I’ve now read a few articles assessing the pros and cons of learning analytics and, regardless of the methodologies employed, there are patterns and themes in what is being found. The benefits include institutional efficiency and institutional performance around financial planning and recruitment; for students, the benefits correspond to insights into learning and informed decision-making. These are balanced against the cons: self-fulfilling prophecies concerning at-risk students, the dangers of student profiling, risks to student privacy and questions around data ownership (Roberts et al., 2016; Lawson et al., 2016). This is often contextualised by socio-critical understandings which converge on notions of power and surveillance; some of the methodologies explicitly attempt to counter presumptions made as a result of this, for example, by bringing in the student voice (Roberts et al., 2016).
In reading these articles and studies, I was particularly interested in ideas around student profiling and student labelling, and how this is perceived (or sometimes spun) as a benefit for students. Arguments against student profiling focus on the oversimplification of student learning, students being labelled on past decisions, student identity being in a necessary state of flux (Mayer-Schoenberger, 2011). One of the things, though, that’s missing in all of this, the absence of which I am feeling keenly, is causation. It strikes me that big data and learning analytics can tell us what is, but not always why.

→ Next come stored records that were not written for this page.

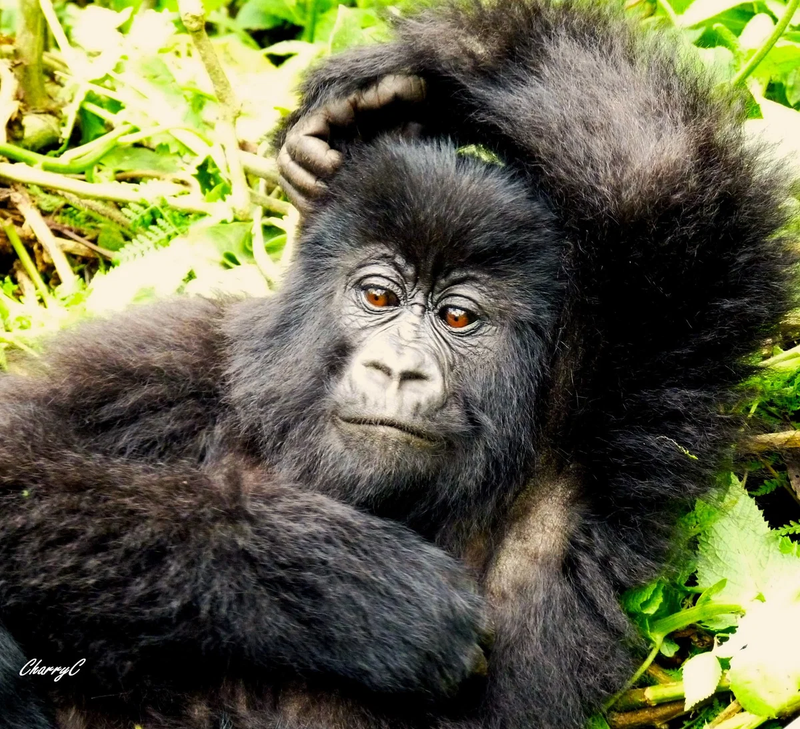 AFRICAN WILDLIFE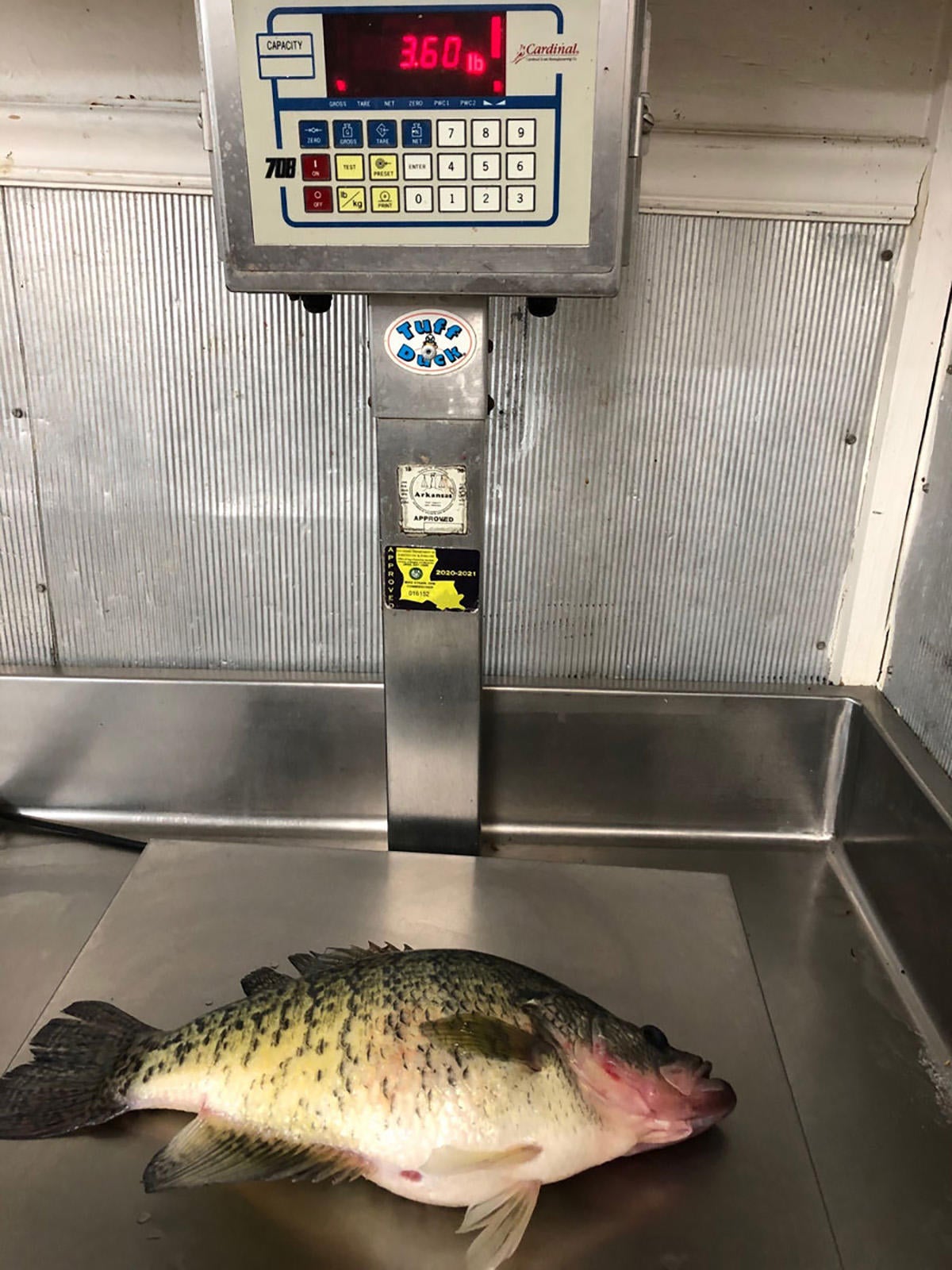 Two Nearly Record Crappie Caught In Louisiana Wired2fish Com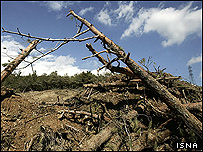 قطع درختان کاج در پارک جنگلی لويزان تهران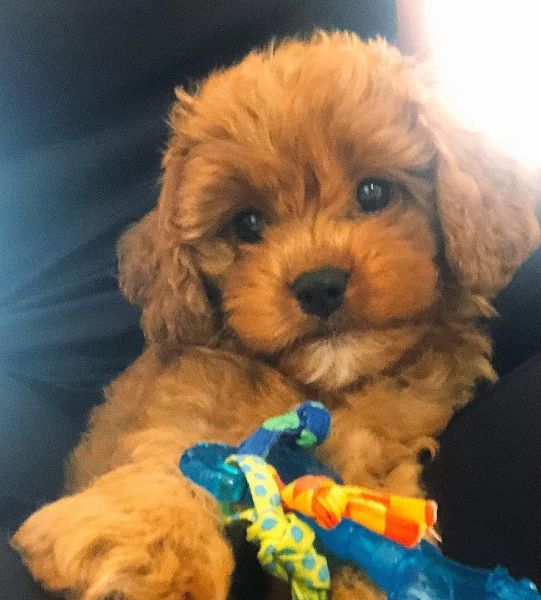 Beautiful Cavapoo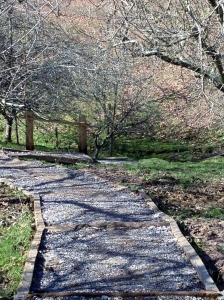 Path to cabin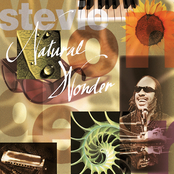 Stay Gold by Stevie Wonder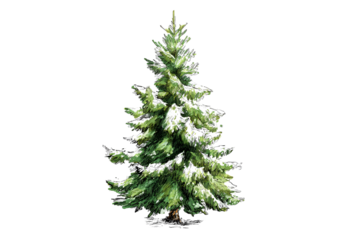 Snowy pine tree on black background for winter scenes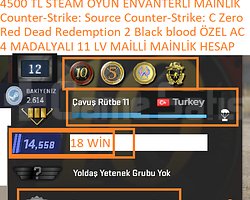 4 MADALYALI 11 LV RED DEAD 2 Black blood Counter-S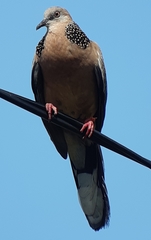 Streptopelia chinensis
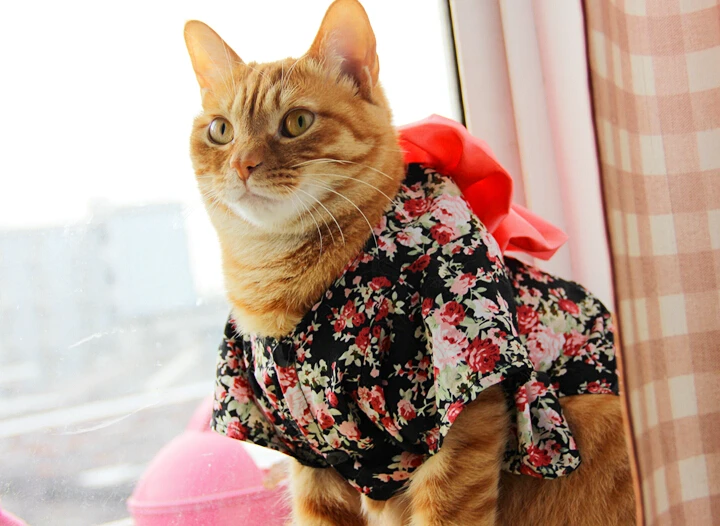 Limited Offer Japan Style Pet Cat Kimono small flower pet clothes dog
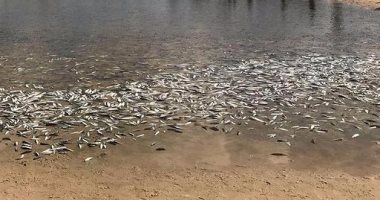 نفوق مئات الآلاف من الأسماك فى إسرائيل نتيجة تسرب مواد سامة غير معلومة المصدر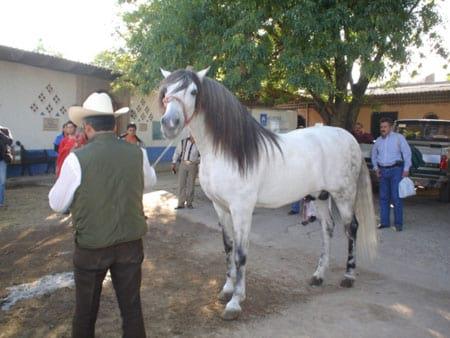 Sí andas a Caballo, hay estrategias para enfrentar los conflictos - Image 5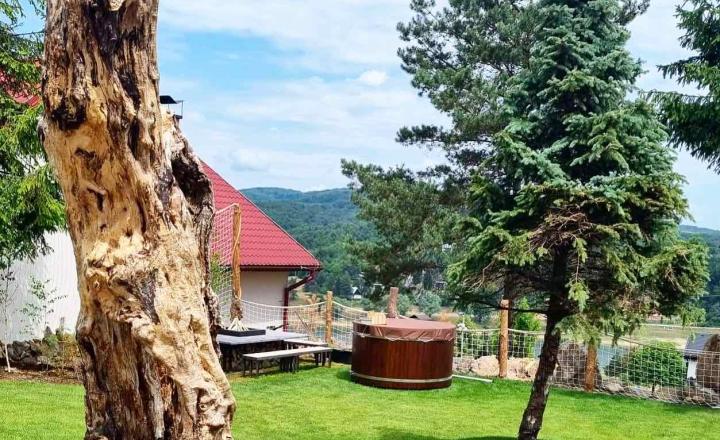 Predaj novostavba - rekreačná chata v rekreačnej oblasti Domaša - Dobra v ktastri obce Kvakovce - fotografia 19
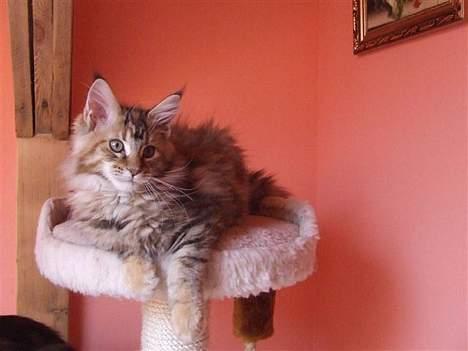 Maine Coon Sahara Silvi-Cola billede 10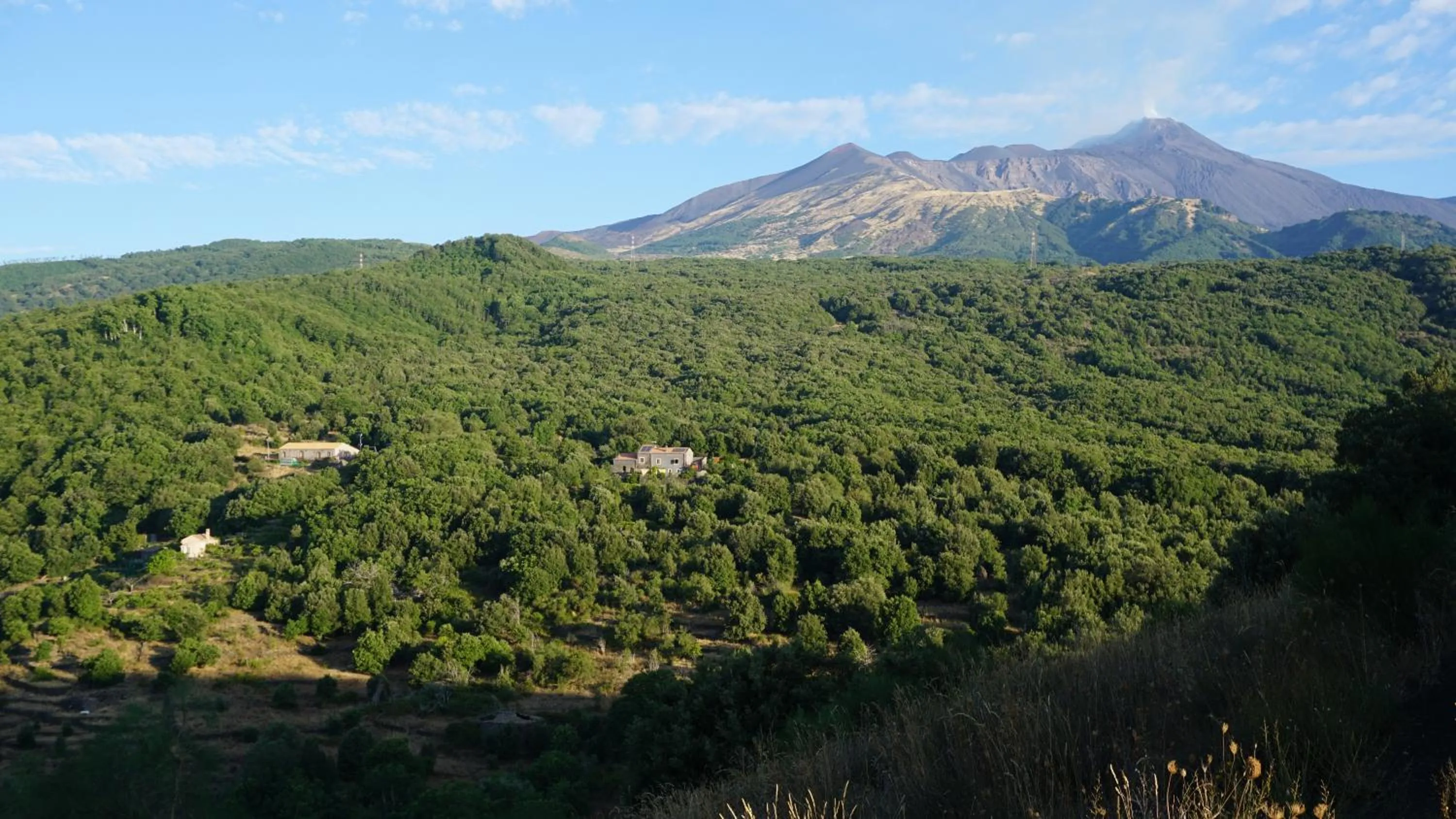 Bird's eye view in Casa Etnea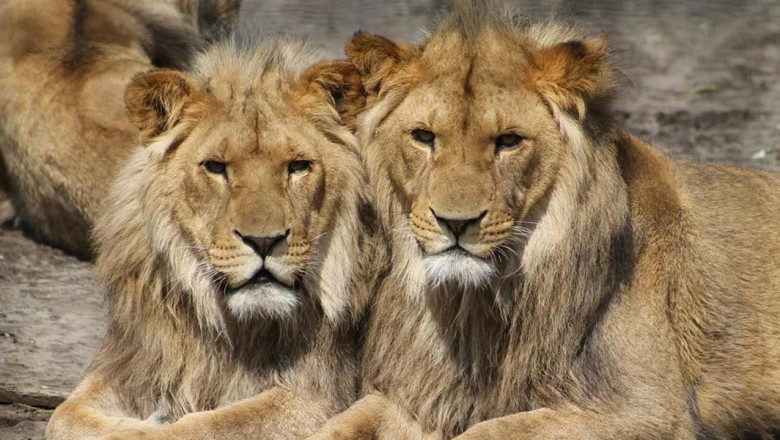 How to Reach Gir National Park +91-7557322322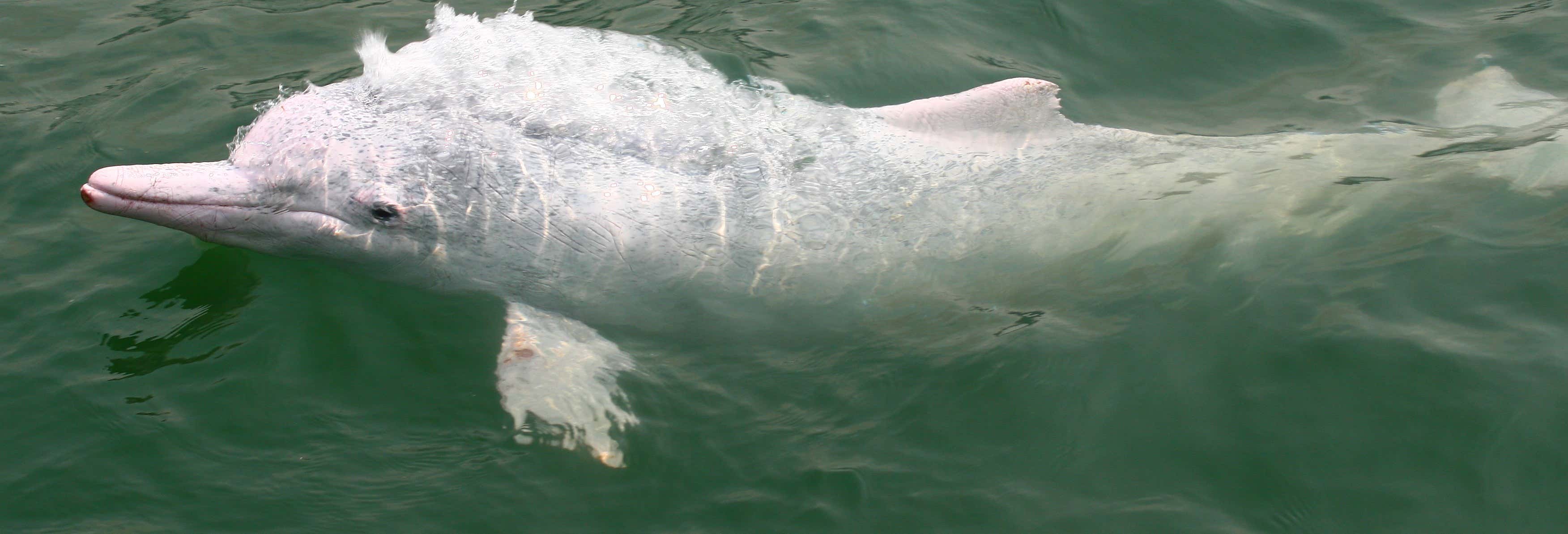 Pink Dolphin Watching in Hong Kong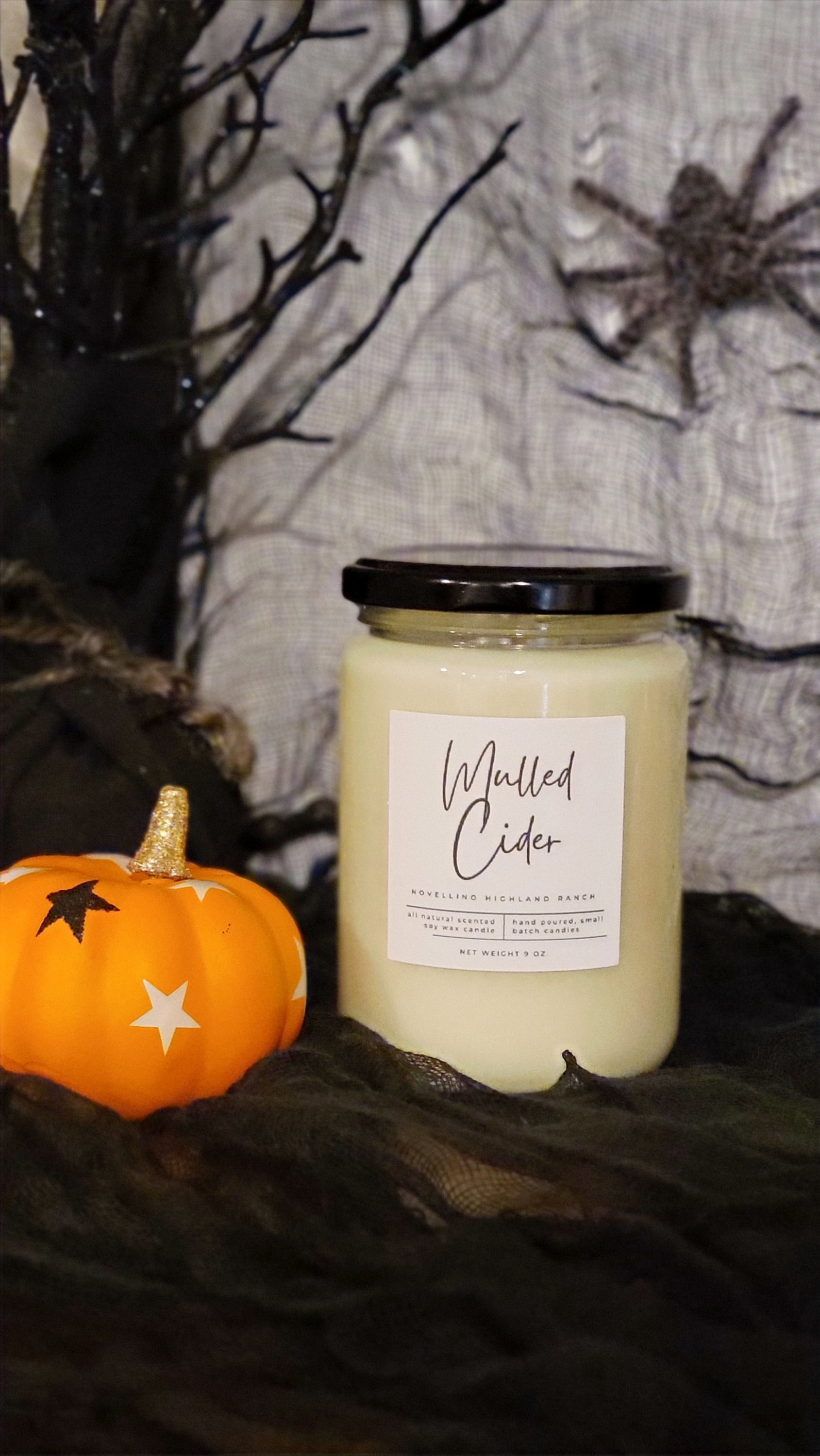 Mulled Cider 12 Oz. Soy Candle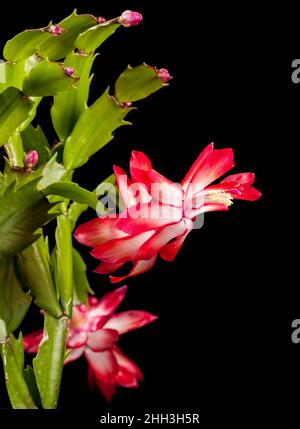 Closeup verticale di un fiore di cactus natalizio (lat: Schlumbergera) isolato su nero all'apertura F16. Foto Stock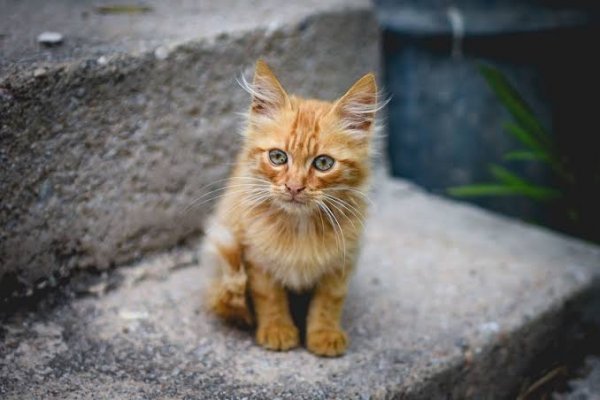  عکس بچه گربه خیابانی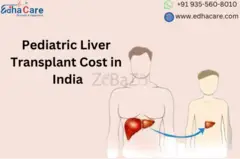 Affordable Excellence: Pediatric Liver Transplant Cost in India - 1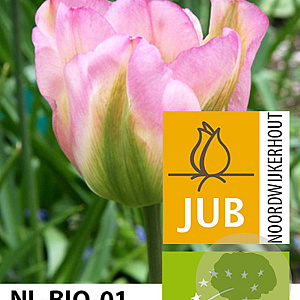 Tulipa 'Groenland' 11-12 cm verpakt per 100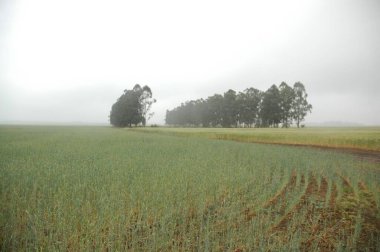 Kuzey Arjantin 'deki altın buğday tarlaları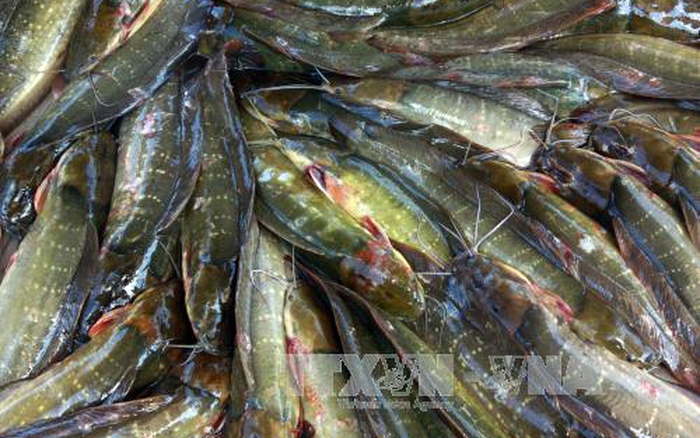 Phụng Hiệp Mô hình nuôi cá trê vàng trong vèo cho thu nhập cao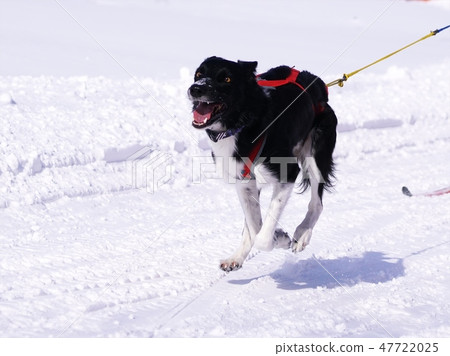 Eighth Enishi Dog Sled Competition 47722025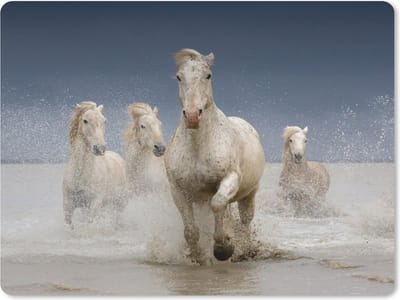 Muismat Paarden - Witte paarden in het water muismat rubber - 23x19 cm - Muismat met foto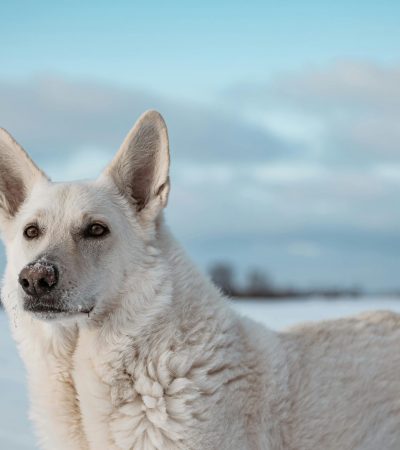 pure white german shepherd maharashtra double coat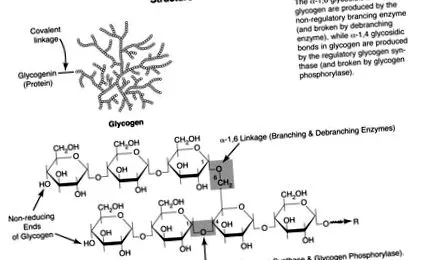 глікоген огляд ScienceDirect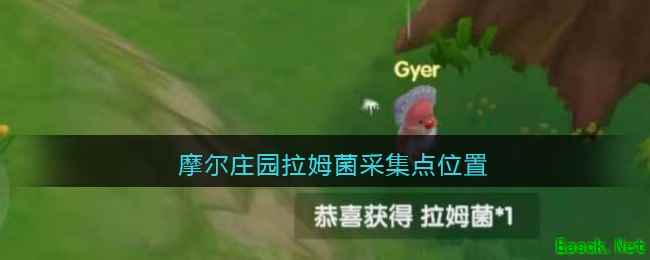 摩尔庄园拉姆菌采集点位置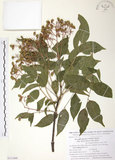 中文名:野鴉椿(S111400)學名:Euscaphis japonica (Thunb.) Kanitz(S111400)英文名:Japanese euscaphis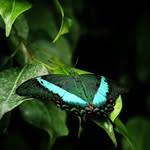 Donna Haley - @donnahaleygiu21820 - Instagram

A similar observation leads Chandler to assert that Big Data is the kind of Bildungsroman of posthumanism (2015). He argues that Big Data is an epistemological revolution:
“displacing the modernist methodological hegemony of causal analysis and theory displacement” (2015, p. 833).
Chandler is not interested in the pros and cons of Big Data so much as the way in which it changes how knowledge is produced, and how we think about knowledge production. This is an extension of ideas espoused by Anderson, in which he argues that theoretical models are becoming redundant in a world of Big Data (2008). Similar, Cukier and Schoenberger argue that Big Data:
“represents a move away from trying to understand the deeper reasons behind how the world works to simply learning about an association among phenomena, and using that to get that done” (2013, p. 32).
Big Data aims not at instrumental knowledge, nor causal reasoning, but the revealing of feedback loops. It’s reflexive. And for Chandler, this represents an entirely new epistemological approach for making sense of the world, gaining insights which are ‘born from the data’, rather than planned in advance.
Chandler is interested in the ways in which Big Data can intersect with ideas in international relations and political governance, and many of his ideas are extremely translatable and relevant to higher education institutions. For example, Chandler argues that Big Data reflects political reality (i.e. what is) but it also transforms it through enabling community self-awareness. It allows reflexive problem-solving on the basis of this self-awareness. Similarly, it may be seen that learning analytics allows students to gain understanding of their learning and their progress, possibly in comparison with their peers.
This sounds great, but Chandler contends that it is necessarily accompanied by a warning: it isn’t particularly empowering for those who need social change:
Big Data can assist with the management of what exists […] but it cannot provide more than technical assistance based upon knowing more about what exists in the here and now. The problem is that without causal assumptions it is not possible to formulate effective strategies and responses to problems of social, economic and environmental threats. Big Data does not empower people to change their circumstances but merely to be more aware of them in order to adapt to them (p. 841-2).
The problem of lack of understanding of causation is raised in consideration of ‘at risk’ students – a student being judged on a series of data without any (potentially necessary) contextualisation. The focus is on reflexivity and relationality rather than how or why a situation has come about, and what the impact of it might be. Roberts et al. found that students were concerned about this, that learning analytics might drive inequality through advantaging only some students (2016).The demotivating nature of the EASI system for ‘at risk’ students is also raised by Lawson et al. (2016, p. 961). Too little consideration is given to the causality of ‘at risk’, and perhaps too much to essentialism.
His considerations of Big Data and international relations leads Chandler to assert cogently that:
Big Data articulates a properly posthuman ontology of self-governing, autopoietic assemblages of the technological and the social (2015, p. 845).
No one here is necessarily excluded, and all those on the periphery are brought in. Rather paradoxically, this appears to be both the culmination of the socio-material project, as well as an indicator of its necessity. Adopting a posthumanist approach to learning analytics may be a helpful critical standpoint, and is definitely something worth exploring further.